### Recorded data
******

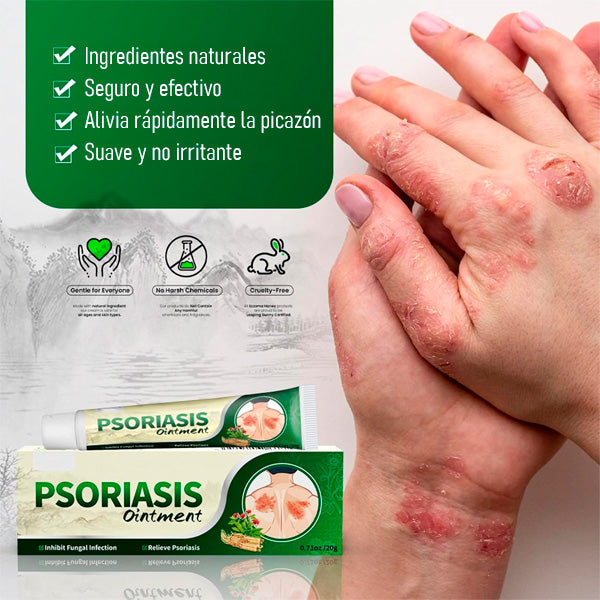 Crema Antifúngica y Antipicazón – Tratamiento Natural para Tiña, Hongos y Psoriasis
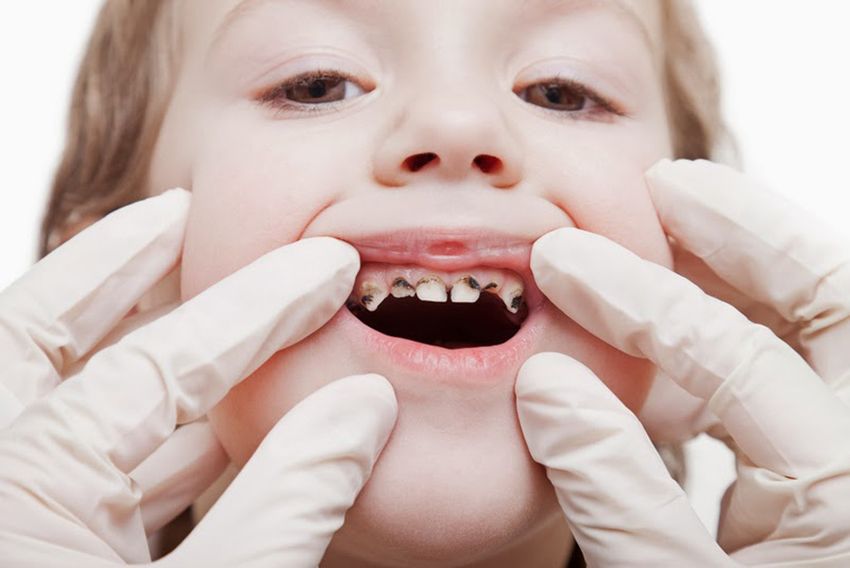 Детские зубы кариес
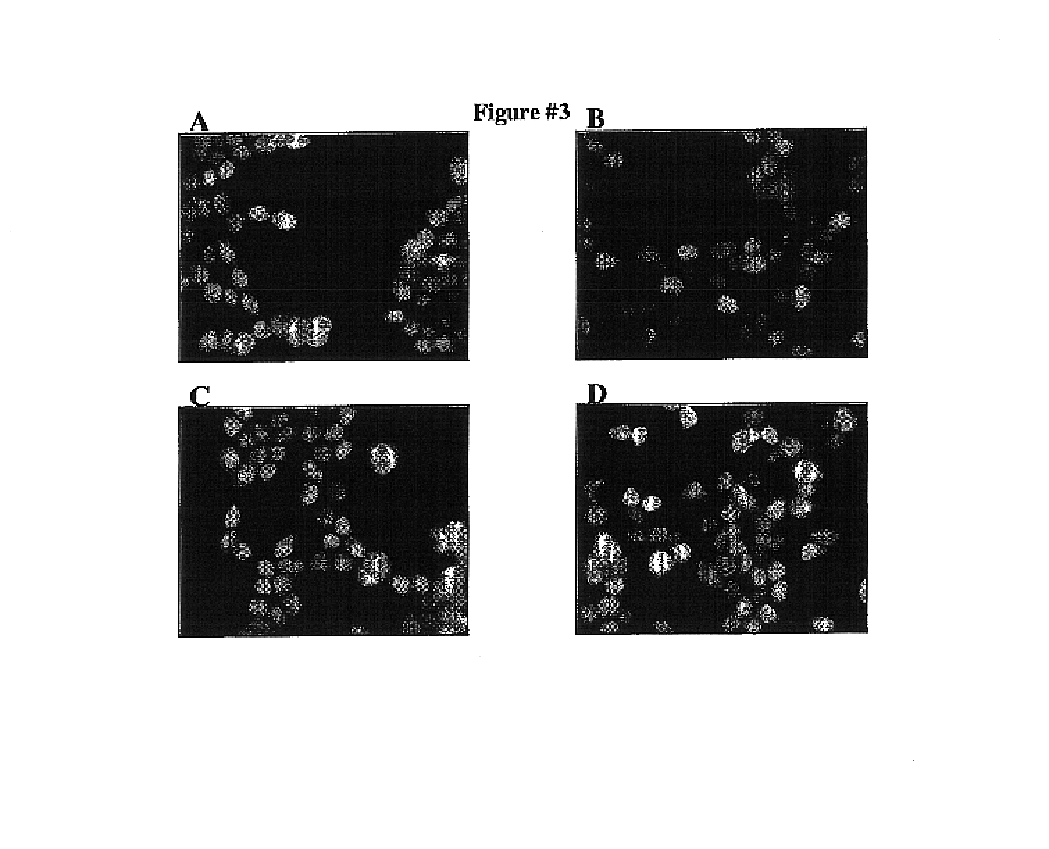 Protein fragment complementation assay (PCA) for the detection of protein-protein, protein-small molecule and protein nucleic acid interactions based on the E. coli TEM-1 beta-Lactamase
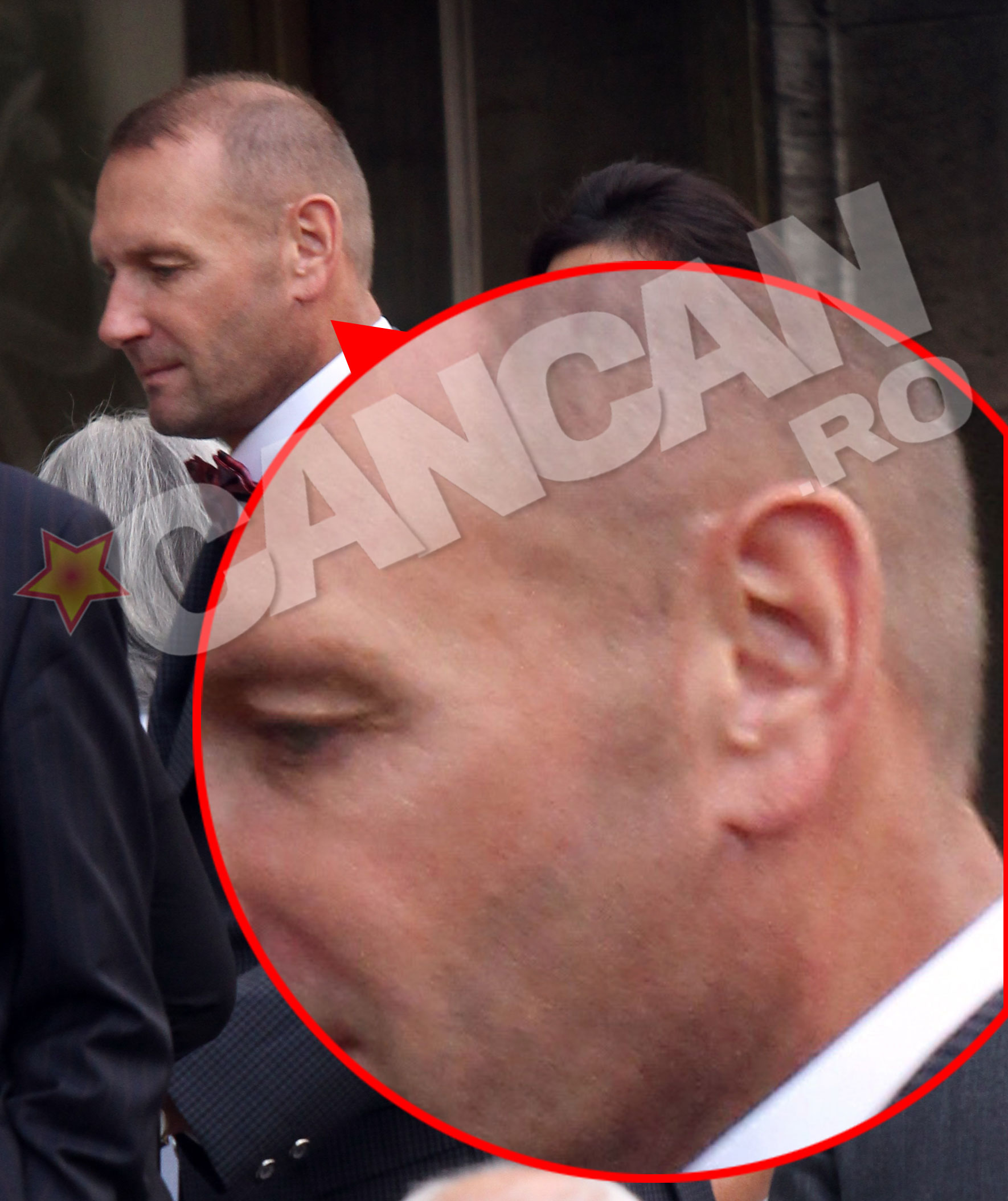 Exact langa urechea lui Catarama se vede o cicatrice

******

Once the pictures are set aside, give the rest of the listing again exactly.

### Answer to this problem
 Crema Antifúngica y Antipicazón – Tratamiento Natural para Tiña, Hongos y Psoriasis
 Детские зубы кариес
 Protein fragment complementation assay (PCA) for the detection of protein-protein, protein-small molecule and protein nucleic acid interactions based on the E. coli TEM-1 beta-Lactamase
 Exact langa urechea lui Catarama se vede o cicatrice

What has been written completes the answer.